Kadare’s most recent novel, “The Successor,” was first published in 2003; it was translated from Albanian to French by Tedi Papavrami, then from French to English by David Bellos. Its translation joins seven other titles now available in English from the same publisher. This time, actual political skulduggery in Albania provided an idea deserving literary exploration. Mehmet Shehu, the handpicked successor to the hated dictator Enver Hoxha, died suddenly in 1981; trouble is, no one ever figured out whether Shehu had committed suicide or been murdered.

Kadare’s story opens at dawn on Dec. 14, when “the Successor’s” body is found dead of a gunshot wound. (The sparing use of names and preference for labels further depersonalizes the characters.) Murder seems unlikely because doors to his home were locked from the inside. But around midnight, a man was seen skulking by the residence. Or no, perhaps it was two men. Two men seemed to be carrying something. Or was the assassin a woman? Or two women? Rivals?
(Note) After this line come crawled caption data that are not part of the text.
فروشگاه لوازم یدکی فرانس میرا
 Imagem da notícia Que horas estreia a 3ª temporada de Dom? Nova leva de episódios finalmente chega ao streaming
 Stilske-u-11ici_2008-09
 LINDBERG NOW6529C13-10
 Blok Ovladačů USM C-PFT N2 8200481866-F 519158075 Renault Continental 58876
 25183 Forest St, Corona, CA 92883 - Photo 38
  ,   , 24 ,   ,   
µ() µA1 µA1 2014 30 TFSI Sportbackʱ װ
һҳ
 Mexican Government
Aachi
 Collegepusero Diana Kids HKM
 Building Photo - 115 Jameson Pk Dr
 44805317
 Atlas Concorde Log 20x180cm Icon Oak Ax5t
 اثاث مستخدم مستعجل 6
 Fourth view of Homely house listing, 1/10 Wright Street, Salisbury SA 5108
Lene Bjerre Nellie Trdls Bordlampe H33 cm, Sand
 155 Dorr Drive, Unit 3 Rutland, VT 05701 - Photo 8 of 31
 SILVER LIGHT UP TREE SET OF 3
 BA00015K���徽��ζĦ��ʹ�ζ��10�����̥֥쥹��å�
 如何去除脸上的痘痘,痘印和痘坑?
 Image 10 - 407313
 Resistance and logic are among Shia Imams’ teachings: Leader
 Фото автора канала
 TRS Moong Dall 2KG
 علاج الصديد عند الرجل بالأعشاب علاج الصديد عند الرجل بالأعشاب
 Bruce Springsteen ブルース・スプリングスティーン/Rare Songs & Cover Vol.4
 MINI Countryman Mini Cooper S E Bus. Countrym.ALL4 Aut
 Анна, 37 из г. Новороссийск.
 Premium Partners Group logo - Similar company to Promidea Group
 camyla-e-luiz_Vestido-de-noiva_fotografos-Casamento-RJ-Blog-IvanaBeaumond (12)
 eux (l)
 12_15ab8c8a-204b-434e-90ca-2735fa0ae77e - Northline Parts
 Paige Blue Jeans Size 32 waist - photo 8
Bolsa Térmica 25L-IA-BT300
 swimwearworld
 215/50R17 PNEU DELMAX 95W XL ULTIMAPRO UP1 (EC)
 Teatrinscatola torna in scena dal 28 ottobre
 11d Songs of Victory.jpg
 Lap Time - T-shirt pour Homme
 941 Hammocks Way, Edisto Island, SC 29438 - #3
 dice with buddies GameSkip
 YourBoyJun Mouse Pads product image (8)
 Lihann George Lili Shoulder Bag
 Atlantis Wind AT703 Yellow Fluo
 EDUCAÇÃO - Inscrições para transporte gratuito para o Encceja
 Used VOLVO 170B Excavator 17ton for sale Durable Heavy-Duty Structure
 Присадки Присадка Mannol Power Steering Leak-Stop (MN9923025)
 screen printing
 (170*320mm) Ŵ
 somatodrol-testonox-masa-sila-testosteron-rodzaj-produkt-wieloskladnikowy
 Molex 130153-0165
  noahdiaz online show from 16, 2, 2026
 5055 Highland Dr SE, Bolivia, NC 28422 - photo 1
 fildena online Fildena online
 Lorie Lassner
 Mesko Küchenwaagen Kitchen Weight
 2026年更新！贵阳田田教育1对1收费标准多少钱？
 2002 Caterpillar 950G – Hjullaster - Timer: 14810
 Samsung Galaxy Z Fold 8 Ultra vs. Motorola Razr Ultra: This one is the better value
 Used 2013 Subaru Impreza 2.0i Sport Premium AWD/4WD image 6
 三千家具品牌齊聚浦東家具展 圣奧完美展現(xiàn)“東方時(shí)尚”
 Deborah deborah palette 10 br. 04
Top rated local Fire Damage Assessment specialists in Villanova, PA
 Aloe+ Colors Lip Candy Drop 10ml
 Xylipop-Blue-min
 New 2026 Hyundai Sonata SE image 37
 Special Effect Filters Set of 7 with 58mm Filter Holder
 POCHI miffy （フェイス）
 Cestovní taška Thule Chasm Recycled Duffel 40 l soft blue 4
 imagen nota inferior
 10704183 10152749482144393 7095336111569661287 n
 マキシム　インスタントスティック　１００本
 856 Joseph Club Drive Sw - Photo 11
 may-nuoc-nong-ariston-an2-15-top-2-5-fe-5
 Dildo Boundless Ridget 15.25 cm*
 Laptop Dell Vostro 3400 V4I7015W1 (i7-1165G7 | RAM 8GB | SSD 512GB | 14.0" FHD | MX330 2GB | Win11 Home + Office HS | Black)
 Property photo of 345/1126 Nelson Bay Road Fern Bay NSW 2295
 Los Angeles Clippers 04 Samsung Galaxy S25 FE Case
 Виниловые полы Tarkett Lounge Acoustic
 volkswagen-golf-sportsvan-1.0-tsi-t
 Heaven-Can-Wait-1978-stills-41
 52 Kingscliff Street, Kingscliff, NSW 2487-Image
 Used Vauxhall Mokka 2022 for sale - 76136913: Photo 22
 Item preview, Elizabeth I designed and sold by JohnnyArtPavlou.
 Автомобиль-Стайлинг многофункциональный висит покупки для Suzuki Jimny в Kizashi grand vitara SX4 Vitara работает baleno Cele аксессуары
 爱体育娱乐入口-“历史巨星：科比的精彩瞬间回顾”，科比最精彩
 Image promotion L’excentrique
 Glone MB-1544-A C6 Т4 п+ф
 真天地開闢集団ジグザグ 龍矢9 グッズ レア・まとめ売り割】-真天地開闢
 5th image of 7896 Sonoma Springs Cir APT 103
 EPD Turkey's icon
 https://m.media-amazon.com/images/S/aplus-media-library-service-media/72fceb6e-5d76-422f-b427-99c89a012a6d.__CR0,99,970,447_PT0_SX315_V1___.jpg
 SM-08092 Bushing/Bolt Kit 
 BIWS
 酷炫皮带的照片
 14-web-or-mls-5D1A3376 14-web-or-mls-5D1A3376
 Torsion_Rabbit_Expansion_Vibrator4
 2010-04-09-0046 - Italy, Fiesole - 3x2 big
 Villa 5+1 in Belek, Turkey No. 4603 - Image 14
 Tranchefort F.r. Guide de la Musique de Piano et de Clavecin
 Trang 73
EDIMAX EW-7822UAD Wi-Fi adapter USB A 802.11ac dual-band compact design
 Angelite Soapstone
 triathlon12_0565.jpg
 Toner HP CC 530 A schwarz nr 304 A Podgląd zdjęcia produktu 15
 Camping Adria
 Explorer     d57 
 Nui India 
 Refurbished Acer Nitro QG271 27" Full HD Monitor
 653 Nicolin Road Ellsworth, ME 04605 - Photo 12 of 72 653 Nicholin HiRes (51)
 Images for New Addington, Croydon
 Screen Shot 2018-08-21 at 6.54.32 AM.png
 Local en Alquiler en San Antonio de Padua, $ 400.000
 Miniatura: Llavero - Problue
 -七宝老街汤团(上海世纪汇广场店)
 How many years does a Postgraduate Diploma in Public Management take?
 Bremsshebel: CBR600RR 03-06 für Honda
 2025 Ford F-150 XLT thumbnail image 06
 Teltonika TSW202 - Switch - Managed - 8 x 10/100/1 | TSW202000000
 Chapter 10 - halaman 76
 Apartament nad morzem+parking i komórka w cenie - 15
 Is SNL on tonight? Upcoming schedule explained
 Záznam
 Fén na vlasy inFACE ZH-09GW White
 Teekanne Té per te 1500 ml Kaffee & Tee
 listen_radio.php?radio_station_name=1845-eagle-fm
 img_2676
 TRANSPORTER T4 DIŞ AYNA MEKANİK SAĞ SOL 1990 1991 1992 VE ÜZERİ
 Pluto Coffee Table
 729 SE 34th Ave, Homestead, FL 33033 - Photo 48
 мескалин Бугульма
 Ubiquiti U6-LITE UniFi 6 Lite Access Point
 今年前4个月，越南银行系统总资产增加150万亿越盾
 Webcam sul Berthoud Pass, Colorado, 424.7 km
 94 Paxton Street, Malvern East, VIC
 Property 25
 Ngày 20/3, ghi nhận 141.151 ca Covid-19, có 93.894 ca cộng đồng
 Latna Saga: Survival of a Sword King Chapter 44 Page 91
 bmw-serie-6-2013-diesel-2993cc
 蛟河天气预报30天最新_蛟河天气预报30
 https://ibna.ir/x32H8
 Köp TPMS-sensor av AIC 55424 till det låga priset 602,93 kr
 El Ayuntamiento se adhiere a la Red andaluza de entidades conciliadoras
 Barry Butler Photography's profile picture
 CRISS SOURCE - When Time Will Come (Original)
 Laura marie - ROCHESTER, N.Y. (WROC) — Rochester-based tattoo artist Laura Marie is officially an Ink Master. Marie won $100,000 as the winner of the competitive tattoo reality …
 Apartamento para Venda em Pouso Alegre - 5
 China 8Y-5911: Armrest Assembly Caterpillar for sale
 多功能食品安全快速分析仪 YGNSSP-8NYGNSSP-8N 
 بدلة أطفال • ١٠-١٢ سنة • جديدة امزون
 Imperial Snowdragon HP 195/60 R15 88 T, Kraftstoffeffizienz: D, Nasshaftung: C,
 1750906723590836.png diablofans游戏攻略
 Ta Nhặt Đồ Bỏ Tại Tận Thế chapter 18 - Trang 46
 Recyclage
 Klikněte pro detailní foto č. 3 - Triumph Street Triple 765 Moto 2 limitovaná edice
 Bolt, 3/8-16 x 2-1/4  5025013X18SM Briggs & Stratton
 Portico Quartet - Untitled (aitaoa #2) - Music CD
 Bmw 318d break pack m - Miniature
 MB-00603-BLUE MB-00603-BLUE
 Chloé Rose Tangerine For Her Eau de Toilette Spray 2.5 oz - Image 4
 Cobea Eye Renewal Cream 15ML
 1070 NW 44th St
Suspect after suspect and motive after motive turn up, each as plausible as the others. In Kadare’s thriller, solving a mystery is entirely entangled with politics. Truth becomes irrelevant. The autopsy is forgotten, hastily done later, but results “could be interpreted and reinterpreted on a whim … ” Investigations are bungled and results changed as the dead Successor yoyos in and out of favor. Was he a traitor who deserved to die? Or a hero for some good cause, a worthy martyr?

Americans will find Kadare’s “contradictory and incoherent” government scary. Leaders weren’t elected there. Their first interest is self-interest and survival in a setting where assassination, coup or anti-party activities — fabricated or real — could change the political climate easily. Fiction, yes, but from a system Kadare knows firsthand and depicts with chilling authority.